After a record cold/wet April, May is bidding fair to make this the worst Spring in decades. Farmers are staring morosely at crops that, after a good start from a mild winter, have barely grown any in seven weeks. Blossoming trees seem at sixes and sevens about what to do and several chestnuts have been shedding damaged leaves that had only just unfurled.
The weather has been driven here from the Arctic by persistent northeasterlies, which, in turn, means a livelier sea running into the Forth. This does not seem to have deterred our local yachtsmen whose racing lasers have been out capsizing regularly in the unpredictable surf of the last few days.

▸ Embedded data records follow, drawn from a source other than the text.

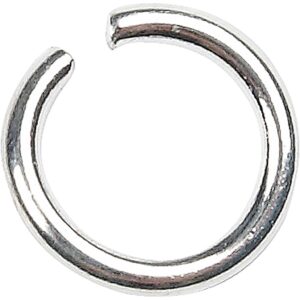 O-ring, str. 7 mm, tykkelse 1 mm, forsølvet, 500 stk./ 1 pk.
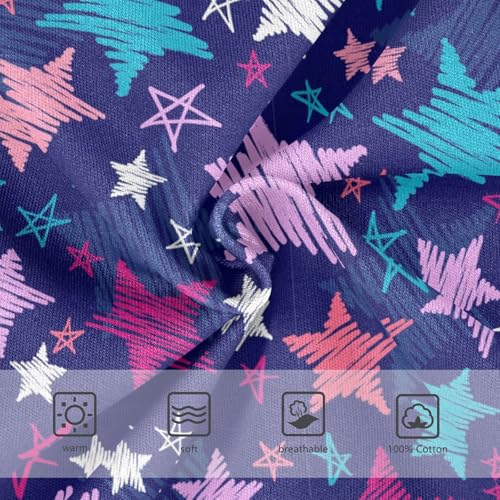 Cotton Little Boys Briefs Soft Star Toddler Underwear3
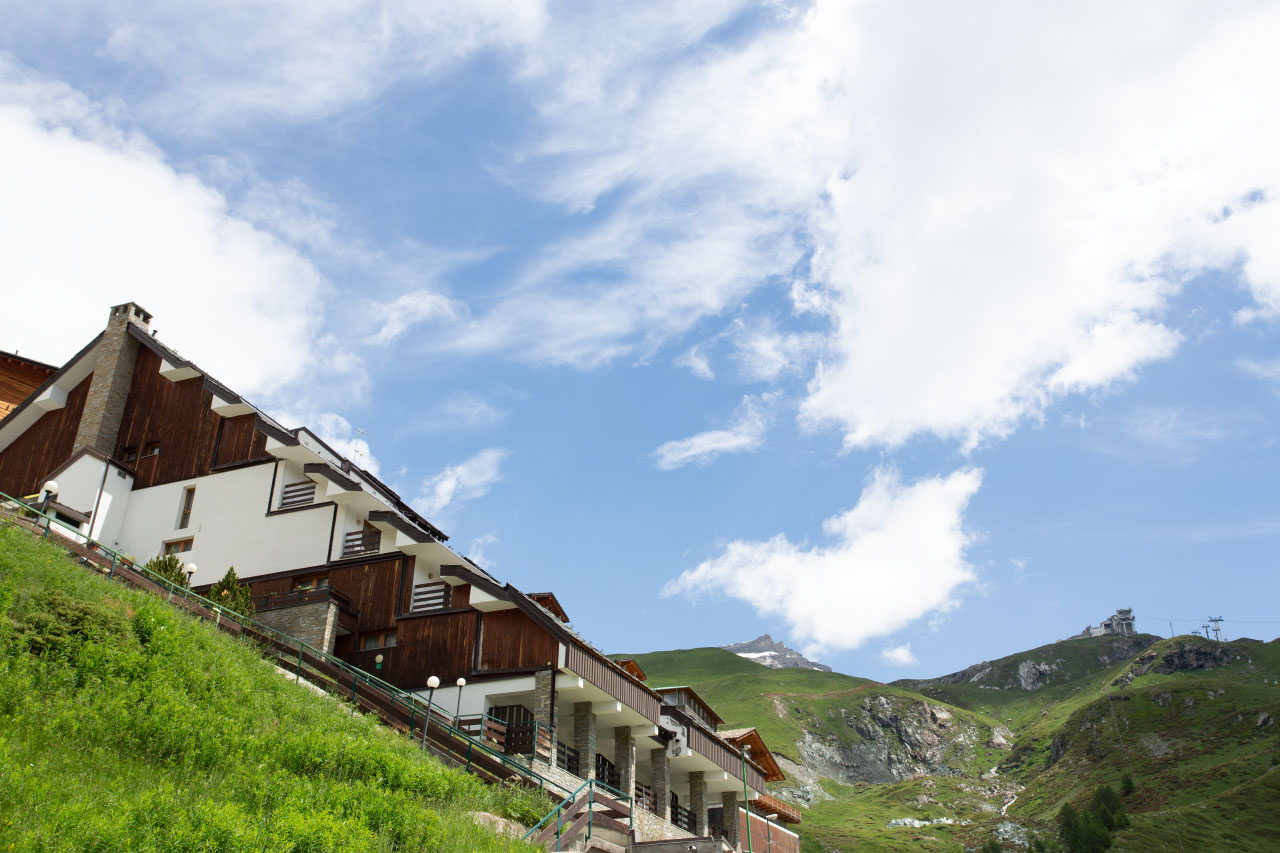 Beautiful mountain residence in Cervinia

Perhaps more surprising has been the stream of people keen to go out on the Seafari boats from the SSC around Craigleith and Bass Rock. Yesterday, though the May trip was cancelled (hard to get in & out of Kirkhaven on a northeasterly) I was called in for guiding on three trips on the RIB.
It was, as the locals describe it, “lumpy”. A long, heavy swell from the East was being ruffled by a ragged chop out of the North East, making passage uneven and the sea state qualify as ‘rough’. And, as we were going at 20-25 knots into it, the Force 3 wind was shredding a fair bit of spray from the bow and thrashing it over the passengers and me. My kind of weather.
Luckily, everybody else loved it too (with the possible exception of skipper Brian who had to steer us safely through it). From a quintet of Italian twitchers, big enough to have been from the scrum of the Azzuris to a well spoken wedding party whose high heels looked incongruous poking out the end of the waterproofs, all treated it as a fairground ride bonus on top of seeing the wildlife.
And wildlife there was: several young harbour seals hauled out below the vale in the Craig, with a big raft of puffins offshore opposite; plenty of mini-penguin-like guillemots and razorbills clumped on the cliffs or whirring overhead; cormorants and shags; kittiwakes and fulmars; and everywhere the scavenging gulls looking for an easy meal.
Down at the Bass, the “gannet flying school” had hundreds aloft, gliding effortlessly in the updraft above the cliffs as we pitched and yawed in the unpredictable jabble below. Most impressive was when several hundred adolescent birds lifted off the helicopter landing area to fill the sky above us with these magnificent birds.
It’s always fun for me to ‘visit the estate’ as I do at every opportunity. But it’s twice the fun to be sharing it with people seeing it for the first time and watch them still beaming from the experience as we unload they all safe back on dry land.